- _Supplied records_
_____

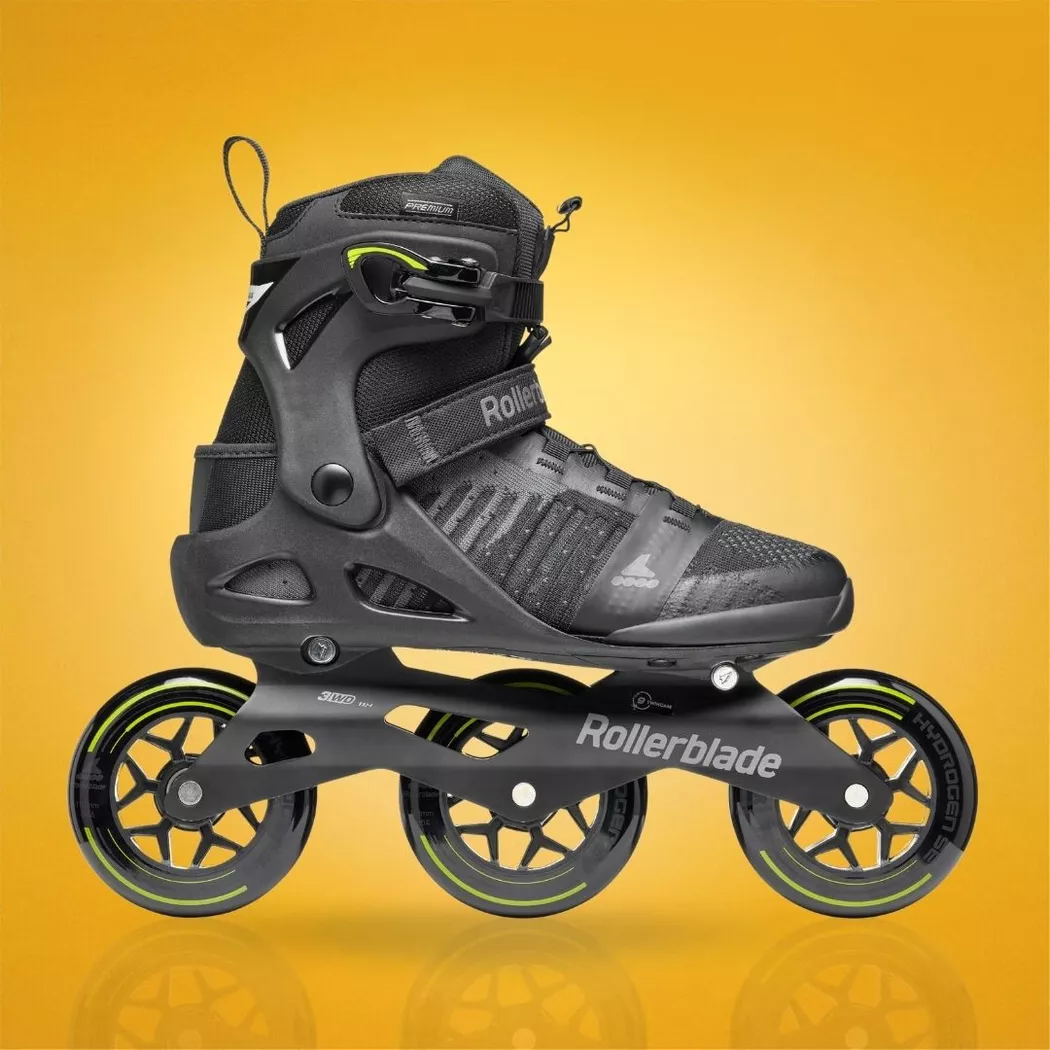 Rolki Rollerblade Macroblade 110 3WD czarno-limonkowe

_____

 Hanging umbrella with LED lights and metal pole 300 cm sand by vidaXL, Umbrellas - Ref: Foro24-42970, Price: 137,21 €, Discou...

_____

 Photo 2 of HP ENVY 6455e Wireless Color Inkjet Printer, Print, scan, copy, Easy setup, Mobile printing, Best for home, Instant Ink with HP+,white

_____

- _Work task_
A bare number is all that is asked for: the count of lines above that include "with".

- _Task answer_
2